What we found is that 10 years after CKD onset, the cumulative incidence of kidney failure was 2 times higher for Hispanics and Blacks with CKD compared to Whites. This means that, indeed after CKD onset Blacks and Hispanics were 2 times more likely than Whites to approach kidney failure. Again, this does not necessarily mean they have a high risk of progression. So with this data, we next examined the risk of kidney failure and the risk of death without kidney failure simultaneously. We found that the risk of death before kidney failure was not much different across 3 risk groups, meaning the 3 groups had a similar mortality risk prior to kidney failure. However, in contrast, the risk of kidney failure was particularly high, was 2-fold higher for Blacks and Hispanics compared to Whites. This was really consistent across age groups.

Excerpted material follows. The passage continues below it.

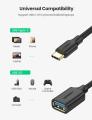 Premium Quality OTG Cable  USB 2.0/usb 3.0 Reader  Adapter for Android. 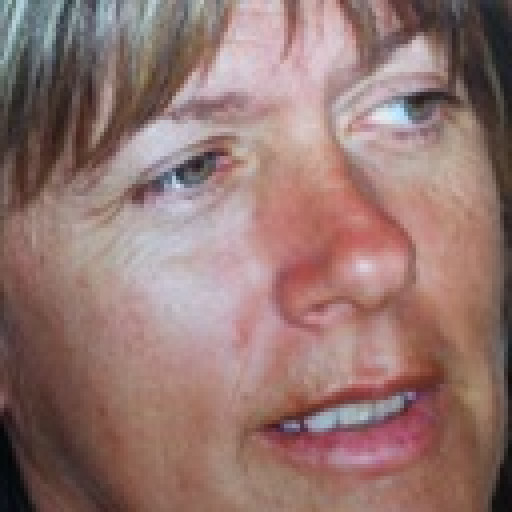 Marie-christine Moret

After taking into account the comorbidity and gender and medication and body mass index, the risk of kidney failure was substantially greater for Blacks and Hispanics compared to Whites. In contrast, they had a similar mortality risk before kidney failure and then we concluded that the higher incidence of kidney failure observed in the general population in Blacks and Hispanics was indeed due to higher kidney failure risk. We also found that this higher kidney failure risk was attributed to the faster decline in kidney function after CKD onset. So that's our conclusion, that the high incidence of kidney failure observed in the general population in these minority groups was indeed due to the faster kidney function decline for these groups, rather than because of the lower mortality rate prior to kidney failure.